Watchmen
Watchmen has been released after months of hype and years of expectation. It cost $150million to make, required an unprecedented deal between Warners and Fox and has beaten many producers and screen writers. It opened below expectation and declined precipitously in the second week of release. This saddens me, but I am not sure how much it surprises me. Watchmen is a good film. It may even be a great film. It is not, however, a blockbuster. Too many threads are left unresolved, good does not conquer all and there is no final act of revenge, redemption and resolution. Not a crowd pleasing one.
In many ways the ending is that of the middle film of a trilogy, the sense that the real struggle is just beginning and that the heroes can still triumph. Unfortunately, that is not to be (and on the box office numbers we can at least feel confident that there wont be a sequel) and many viewers may leave feeling cheated. It’s also a long film that has to move at breakneck speed to get everything that needs to be in covered. It’s sumptuous and I think would reward repeated viewings. I await the DVD excitedly.

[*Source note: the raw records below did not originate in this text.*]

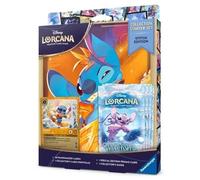 Lorcana LRC11090027 Disney Lorcana - Winterspell: Stitch's Collector Starter Set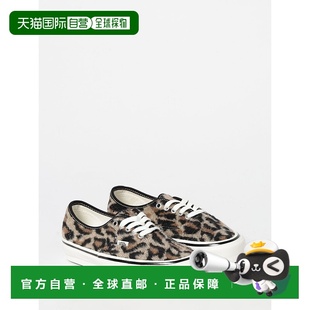 运动鞋 欧洲直邮vans 女士
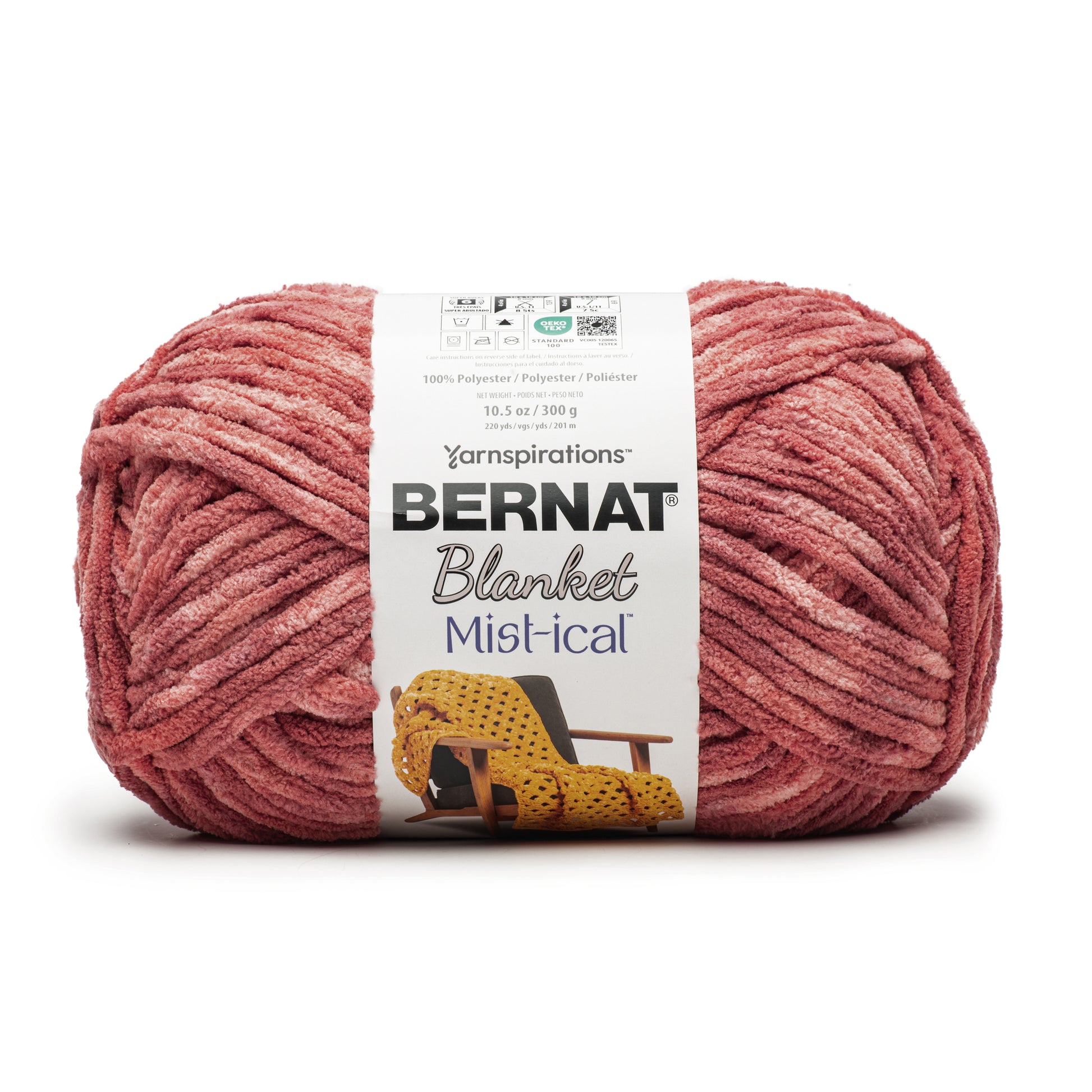 Bernat Blanket Mist-Ical Yarn (300G/10.5oz)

There is a new South park. It echoes what I feel about Disney and manufactured pop music perfectly. It is also as vicious as it has ever been. And probably disgusts and offends far more people that it entertains.
Stewart Lee has a new tv show. He was young and represented the shock of the new when I was growing up. Now he is overweight in too tight a suit and has white hair at his temples. His targets are deserving but obvious and he sounds snobbish throughout. I feel the same sort of sadness as I do at realising that no new pop act is ever as old as I am: I grow old and my future never came to be.